3. Nyari waktu khusyuk untuk ngaji dan baca? gak akan mungkin dapet ibu-ibu mah. Catatan : ibu-ibu yang masih punya anak kecil ya. Maka, manfaatkan waktu luang di kantor, di perjalanan, buat ngaji, baca, dzikir. Kalau malu disebut “sok alim” baca qur’an di kantor, sekarang kan android gampang banget nginstal al Qur’an. Ama artinya, tafsirnya malah. Jenuh baca? pasang aja earphone. Dengerin murrotal. Gak bisa konsentrasi, istighfar dalam hati. Dijamin gak akan ada yang tau kalau kita “sholehah” hehe….

4. “Kompensasikan” kekurangan kita pada amalan yang berbasis waktu, dengan amalan yang tak “membutuhkan” waktu. Kalau kuantitas sholat, ngaji, baca kita kurang dibanding ibu-ibu lain yang kuantitas waktu luangnya lebih banyak, mari kita cari amal lain yang strategis, yang tak membutuhkan kuantitas waktu. Shodaqoh misalnya. Kita genjot. Kan katanya PNS mau ada gaji ke-13 ? nah, bisa tuh kita shodaqohin … atau kita sisihkan sekian persen THR …. trus waktu pengajian pembekalan ramadhan 2 minggu lalu, ustadz Wahab menyampaikan ada satu amalan “strategis” yang kita suka lupa, dan potensial dilakukan oleh ibu-ibu. Yaitu…memberi makan orang yang berbuka puasa. Pahalanya sama dengan orang yang berpuasa tersebut loh….. Kalau kita gak sempet masak, kita bisa beliin atau kasih mentahnya ke satpam, office boy di kantor kita, para dhuafa, dhuafa difabel….banyaaak banget yang membutuhkan.

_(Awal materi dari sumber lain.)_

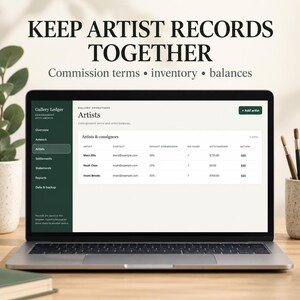 May include: A laptop displaying the Gallery Ledger software interface with a dark green sidebar and a white main dashboard showing an artist list with columns for contact, commission, inventory, and balances, under the text KEEP ARTIST RECORDS TOGETHER.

Tulisan ini tentunya tak bermaksud untuk melemahkan semangat ibu-ibu bekerja yang “siap tempur” untuk mencapai target amalan ibadah yang “tinggi”. Amalan yang banyak dan baik, TOP BANGET. Tapi dibanding gak punya amalan sama sekali, amalan sedikit tapi konsisten is a better choice.

Dan penghayatan saya, keistimewaan dan keberlimpahan rahmatNya di bulan Ramadhan adalah “reinforcement”, fasilitas pembelajaran dariNya untuk membentuk sikap mental kita. Yang namanya proses belajar, cirinya adalah menetap. Jadi, sikap mental kita yang dibangun saat ramadhan, agar perilaku kita setelah ramadhan berubah. Dalam bahasa agama, Ramadhan adalah fasilitas pembelajaran dariNya biar kita jadi orang bertaqwa. Menjadi rang yang lebih baik. Mulai dari hal kecil, yang kita mampu lakukan, namun kita pelihara terus meskipun ramadhan nanti telah berlalu.

Marhaban ya Ramadhan……Semangat !!!!!